On Wednesday, Twitter users started posting pictures of a mislabeled map that was broadcast by CNN. The network, attempting to portray the countries that had cases of Ebola, had mistaken Niger for Nigeria:
The confusion provoked angry reactions from many Twitter users. It would not be the first time CNN has mapped cities or countries far away from their actual position, however:
As you can see, CNN has mapping issues not only in Africa, but also in Europe and Asia. And it's far from the only news outlet to make such an error. Earlier this year, NBC News anchor Brian Williams began his broadcast by saying: “Tonight it now feels as if the world is aware and responding to the kidnapping of 276 girls in Kenya three weeks ago today." In reality, the kidnappings had taken place in Nigeria.
The pressures of live television make mistakes like these understandable. However, many Twitter users seem to perceive the recent Nigeria-Niger confusion as just another example of ignorance by Western media outlets. Other examples are easy to come by. In 2010, a BBC series on Nigeria's most populous city, Lagos, featuring the lives of slum dwellers, drew criticism for its potrayal of the city, which many felt was not accurate. One year later, international media came under attack on Twitter during the Somalia famine for showing up only "when there were dying children to film," according to Reuters.
In an article for the Guardian published in 2013, Nigerian journalist Remi Adekoya offered an explanation for why some have such strong feelings about how journalists cover the continent: "Africans, especially those living abroad, fret about the perception of their continent and its inhabitants because their future often depends on the opinions of those in whose country they reside," Adekoya wrote. "Each major news item presenting Africa in a negative light is viewed by these folk as something that will make their working lives that bit harder."

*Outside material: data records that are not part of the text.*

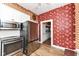 Well-equipped kitchen with stainless steel appliances, white cabinets, and decorative wallpaper at 1325 Fordice Rd, Lebanon, IN 46052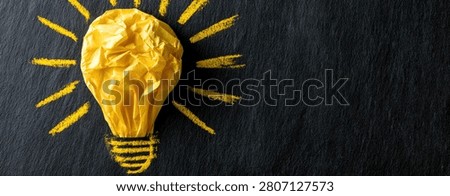 A creative concept image featuring a crumpled yellow light bulb with sunburst rays against a dark, textured surface, representing innovation and inspiration.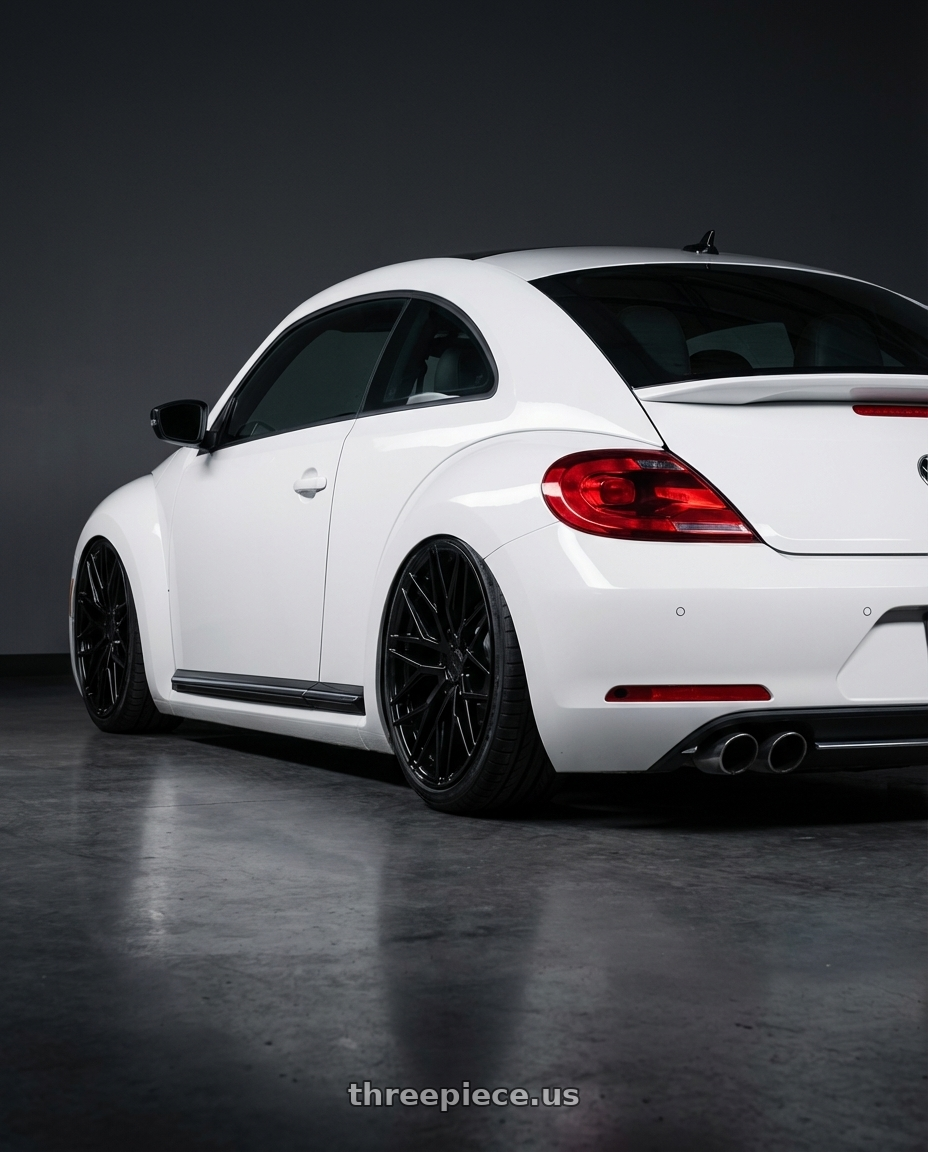 2016 Volkswagen Beetle Turbo with Avant Garde Wheels M520R 5X112 19x9.5 +40 Gloss Black wheels rear three quarter view slight stretch tires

While CNN's on-air mislabeling sparked a major backlash on Twitter, many Americans might not have noticed the flawed map. On Friday, in honor of the U.S.-African Leaders Summit taking place in D.C. this week, The Washington Post published a quiz that asked readers to find countries from the African continent on a map.
According to data from more than 40,000 respondents, the countries were identified correctly less than half of the time. Although Niger and Nigeria did not rank among the least-recognized countries (those would be Gambia and Guinea-Bissau), they were correctly identified only by 43 percent and 48 percent, respectively.